▶ PROBLEM TO WORK ON
A word-for-word copy of the entries, with images excluded, is the expected answer.
─── RECORDS PROVIDED ───
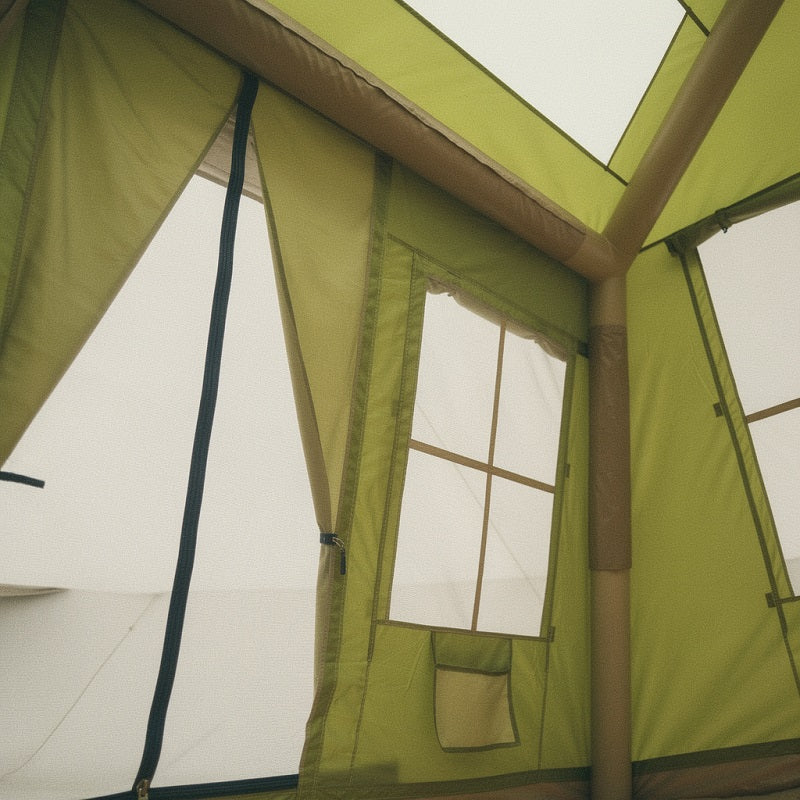 détail intérieur de la tente gonflable verte montrant une fenêtre et l'armature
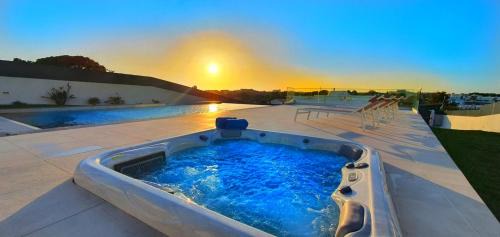 Olhos D'Agua Villa | Sunrise Villa by Laranjal Rentals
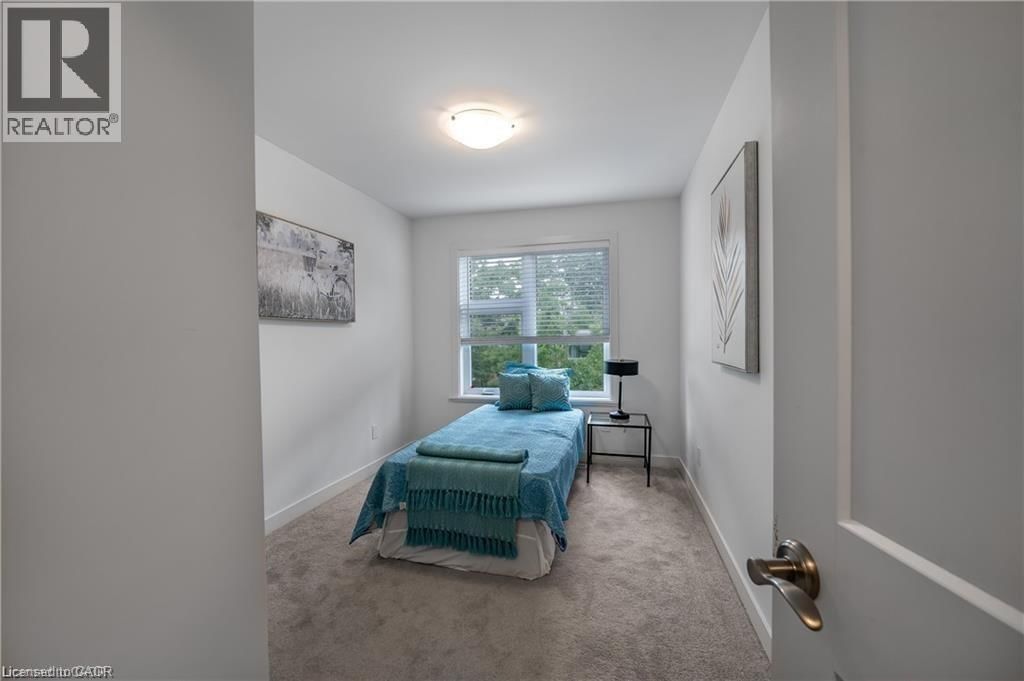 7 - 110 FERGUS AVENUE Image 27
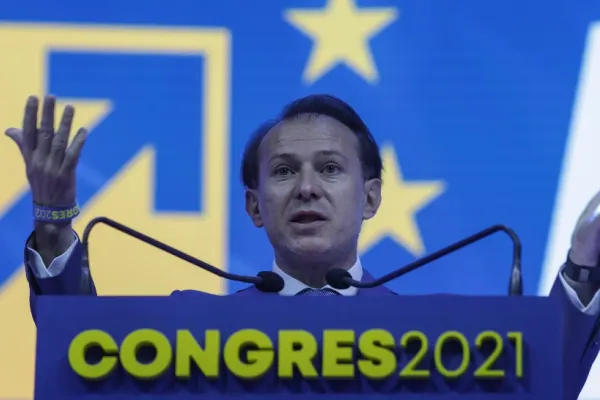Florin Cîțu, contrazis de Cristian Ghinea: Presupusele negocieri pentru a reveni în guvern USR-PLUS sunt fake news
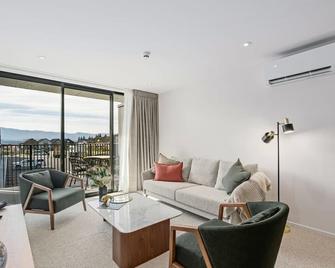 Alps Serenity Retreat - Wanaka - Wanaka - Living room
───
▶ ANSWER TO THE PROBLEM
 détail intérieur de la tente gonflable verte montrant une fenêtre et l'armature
 Olhos D'Agua Villa | Sunrise Villa by Laranjal Rentals
 7 - 110 FERGUS AVENUE Image 27
Florin Cîțu, contrazis de Cristian Ghinea: Presupusele negocieri pentru a reveni în guvern USR-PLUS sunt fake news
 Alps Serenity Retreat - Wanaka - Wanaka - Living room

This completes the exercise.